I was annoyed with Stan because I had specifically asked him not to do this. He said it was unfair of me to ask him, since she was not a minor.
I told him it would have been better if he had spoken to me about it instead of me having to find out about it from my niece, who is upset. It has really affected my relationship with "Stan." He says if he had to do it over again, he would do the same.
Amy says: Your tone conveys a sense of ownership, rather than concern, regarding this teenager.
You are not your niece's sexual gatekeeper. On the other hand, you cast your friend as a predator, and your concern obviously has been well placed. But shouldn't you have talked to your niece about this in advance, instead of wasting your breath on him?
Your attention should be focused on your niece. She is obviously (and understandably) confused. Is she OK? Is this OK? She might not know, and rather than dictating to her, you should be as nonjudgmental as possible.
Talk to her about consent. She has the right to decide what she wants to do, sexually. If she doesn't consent, her choice must be respected, and if she didn't consent, she has the right to go to the police.
In terms of possibly repairing your relationship with "Stan," I can't imagine why you would want to. Even if his behavior wasn't illegal, unethical or even any of your business — if you don't like hanging out with an unrepentant horn dog, then there is no reason to maintain the friendship.
Friend has wandering hands
Dear Amy: My friend and her family help me out with projects around my house.
Recently her husband has developed "wandering hands."
I give everyone a hug and thank them before they leave, and he has started grabbing my backside when I hug him. It makes me angry and uncomfortable. I've told him numerous times to stop and have threatened to tell his wife.

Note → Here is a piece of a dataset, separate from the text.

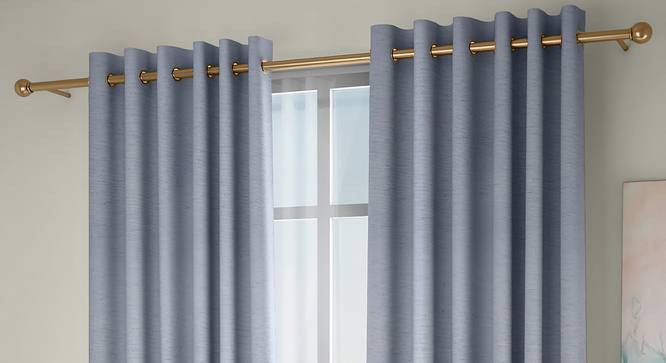 Tonino Window Curtains - Set Of 2 (Blue, 132 x 152 cm  (52" x 60") Curtain Size, Eyelet Pleat) by Urban Ladder - Front View Design 1 - 330975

He says I won't. It's a sticky situation, as his wife is ill and I can't imagine adding more to her already full plate. I'm also afraid she won't believe me and that it will be the end of our friendship.
I've never given him reason to believe that I'm even remotely interested in him. How do I stop this unwelcome behavior?
Amy says: Hire someone else to help around the house. Keep your distance from this man. If he does this again, call him out immediately and in front of others.